That's the problem with the drama. Well, the biggest problem. Nothing is thought out and everything is haphazard. Instead of focusing on the plot and the details of what is happening, it gives us scene after scene of the leads being 'cute' together that amount to nothing long-term. It feels like the writer and director didn't actually care about what was going on with the show or whether their audience enjoyed it. The angel is seen only, what, 3 or 4 times throughout the whole series? The end game is an afterthought. The supernatural aspect of the show never should have been added to this drama because they weren't willing to flesh it out enough to make it a real part of the plot. It was just a consequence. It's just like how the step-father was so heavily in the early episodes and then after the mom found out, they just didn't need him anymore and it was like he never existed in the first place. And it doesn't even matter because he was just playing a cartoon villain anyway.

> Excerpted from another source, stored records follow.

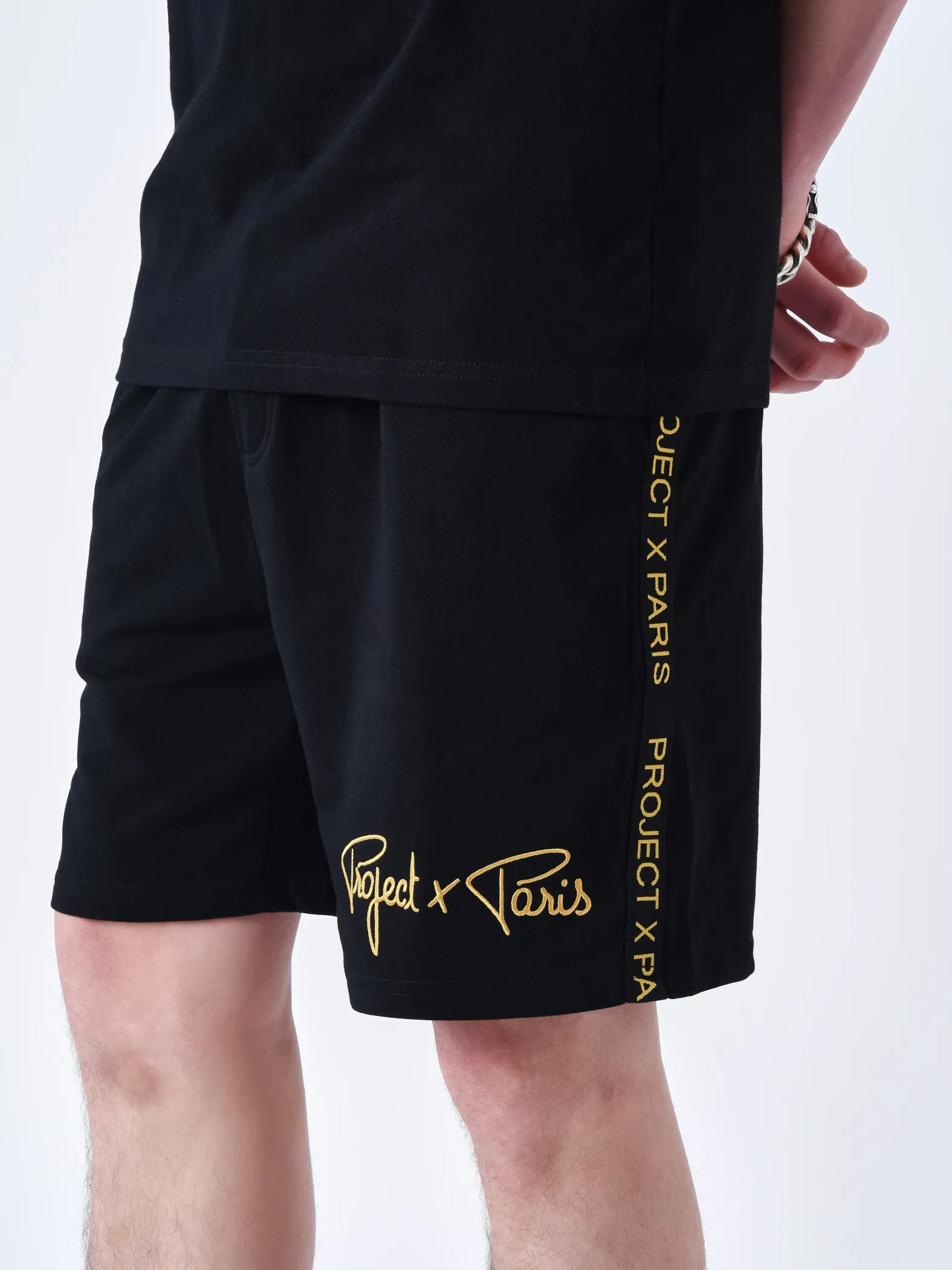 Pantalón corto clásico Rayas laterales bordadas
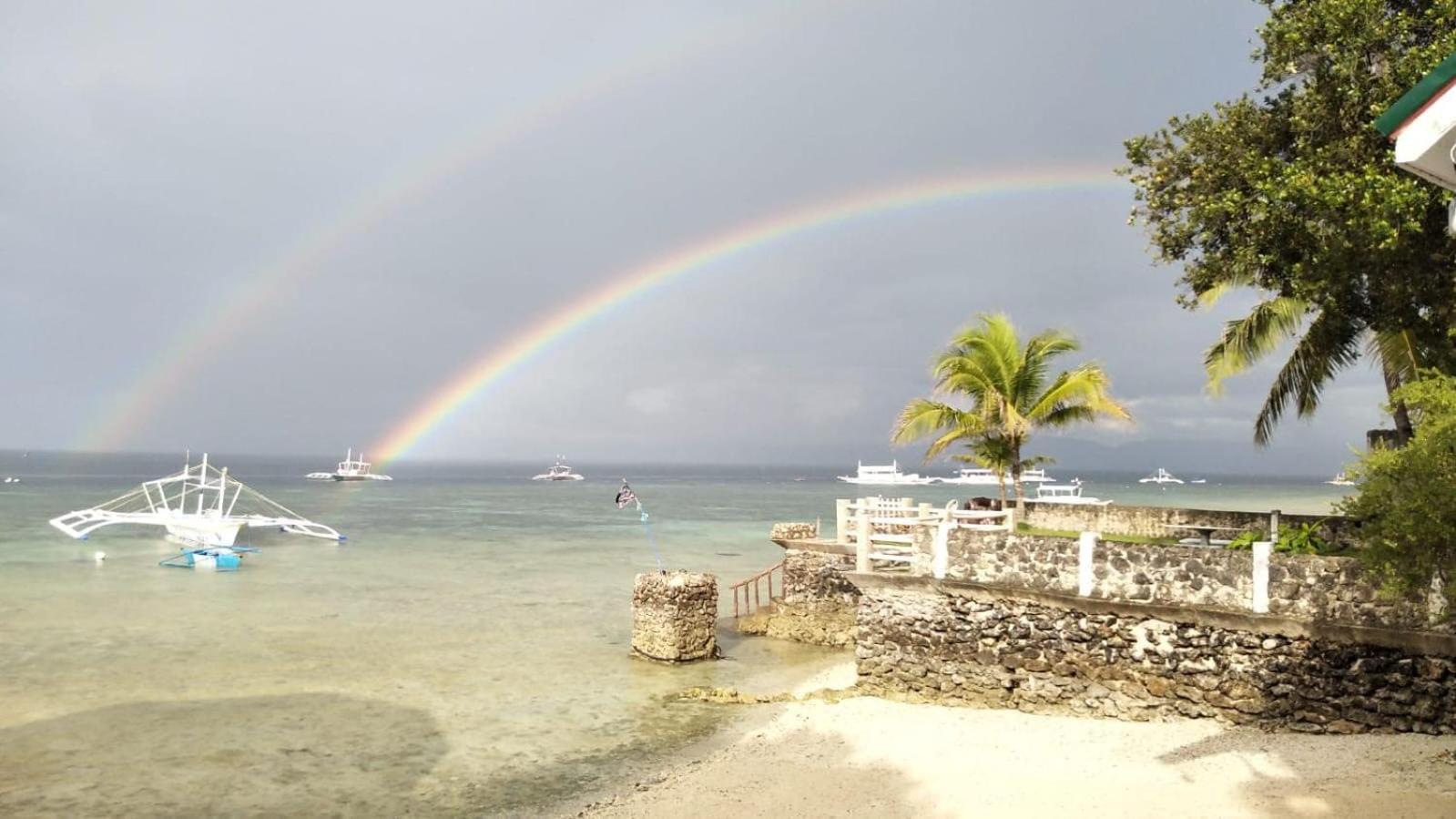 Love'S Beach & Dive Resort Moalboal Esterno foto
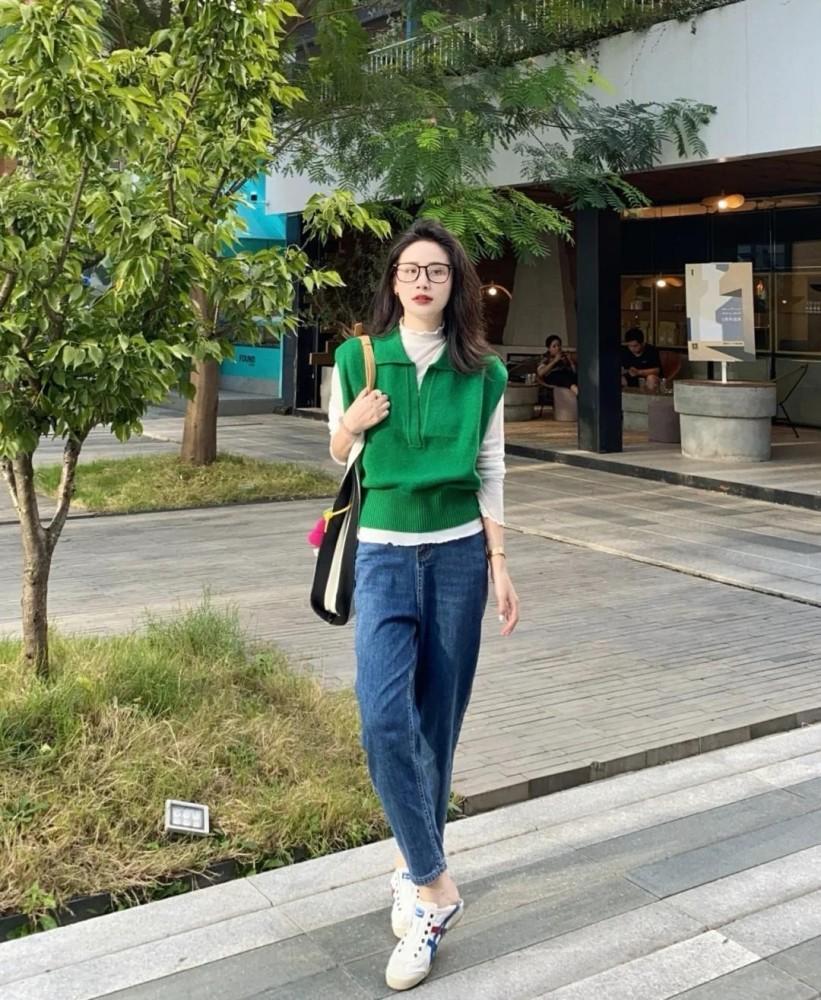 Phối đồ với áo gile len nữ croptop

The writer didn't bother trying to make this drama good. I really feel that there was no effort put into the script at all beyond maybe the initial set-up. They should have tried to add a plot to the characters' everyday lives instead of these one-off instances of drugging and abduction, a dating scandal and a random accusation of plagiarism that came out of nowhere and left into nothing. Their lives had no structure. And it's not like structure can't be added with plots like these (I use 'plot' very loosely here) because we've seen it done in plenty of others. There are really amazing cohabitation dramas. Heck, Lee Min Ki himself was in one that was done really well! And there are plenty of great supernatural dramas out there, too. There are dramas dealing with a character's last days/months alive, there are ones that deal with a second chance of life after death, and most of them are better than this.
I'll stop there before I get more depressed over my wasted time. I've never said this about a drama before, but don't watch it. Don't even try. It's not worth it. The few positive points I mentioned disappear a few episodes in anyways.